Francisco’s Jays audition off to solid start

Toronto Blue Jays' Brett Lawrie, right, celebrates his three-run home with teammate Juan Francisco during eighth inning MLB baseball action against the Baltimore Orioles in Toronto on Tuesday, (Darren Calabrese/CP)

The Toronto Blue Jays have had success in recent years turning around the careers of a pair of underachieving power hitters, so it’s easy to see why Juan Francisco is so intriguing.

The Blue Jays signed the 26-year-old Dominican to a minor-league deal on April 1, a week after Francisco was released by the Milwaukee Brewers. Last summer, the big left-handed hitter – he’s six-foot-two and generously listed at 245 lb – went deep an impressive 18 times in just 348 at-bats with the Brewers, but after Milwaukee signed Mark Reynolds in the off-season, Francisco suddenly found himself in a spring training battle with Lyle Overbay for a backup role at first base.

When he lost out to the more defensively reliable Overbay, the Brewers cut Francisco loose, deciding they didn’t want to pay $1.3 million for a left-handed pinch hitter. But to an American League club like the Blue Jays, Francisco offered value as inexpensive organizational insurance at first base and DH – he can also play third in a pinch – and maybe, the potential of something more.

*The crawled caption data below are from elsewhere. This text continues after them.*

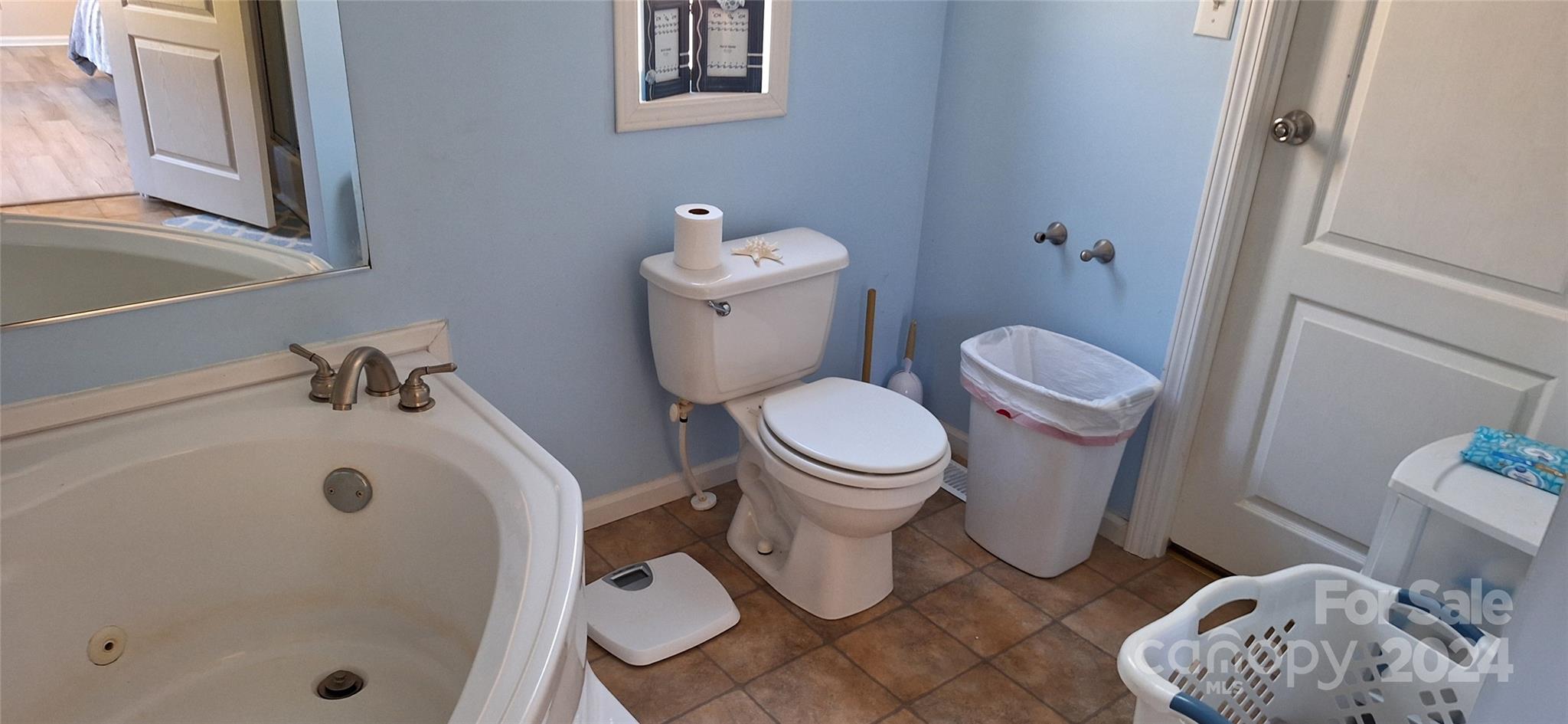 4094 Lefevers Road Vale, NC 28168 - Photo 12 of 47 a white toilet sitting next to a bath tub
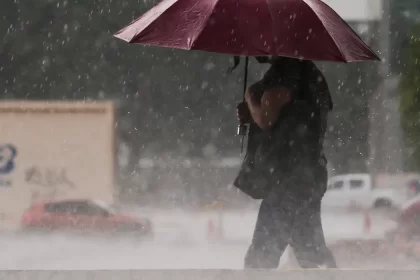 Foto de uma pessoa com guarda chuva num temporal. Não é por falta de conselho que autoridades não cuidam mais do meio ambiente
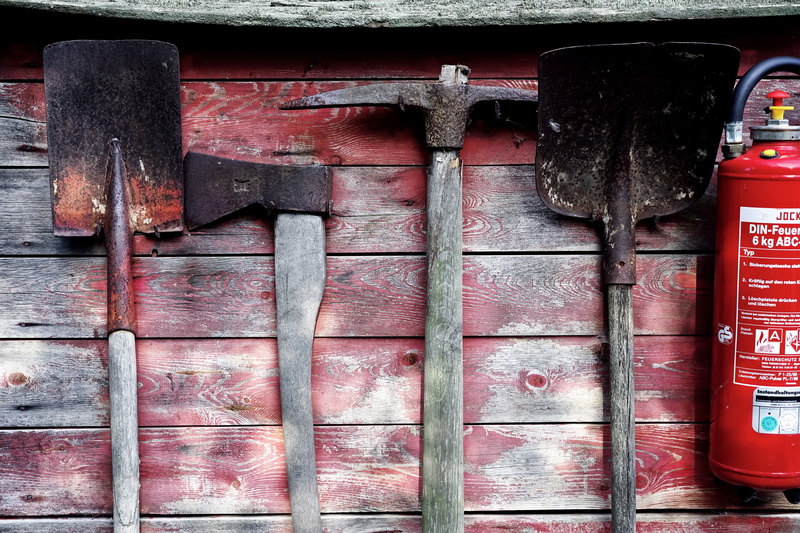 a fire extinguisher, fire shield, axe, 2K, shovel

In 50 plate appearances with triple-A Buffalo to start 2014, Francisco batted .341/.420/.568, enough to earn himself a promotion to the big club after Adam Lind landed on the DL with back stiffness. Since then Francisco has filled in admirably for Lind, batting .286/.375/.571 through eight games including a pair of jaw-dropping home runs, both of which served as reminders of his tantalizing potential.

Watch: Francisco’s two tape-measure bombs vs. Red Sox

While coming up through the Cincinnati Reds system, Francisco was regarded as that organization’s top power-hitting prospect after hitting 38 home runs over 173 games at the triple-A level. Now 26, he is a player just entering his prime. It’s worth remembering that Jose Bautista was a journeyman major-leaguer until his breakout 2010 season at age 29, and that the Blue Jays had placed Edwin Encarnacion on waivers in 2011 when he was 27, before his breakout year the following summer.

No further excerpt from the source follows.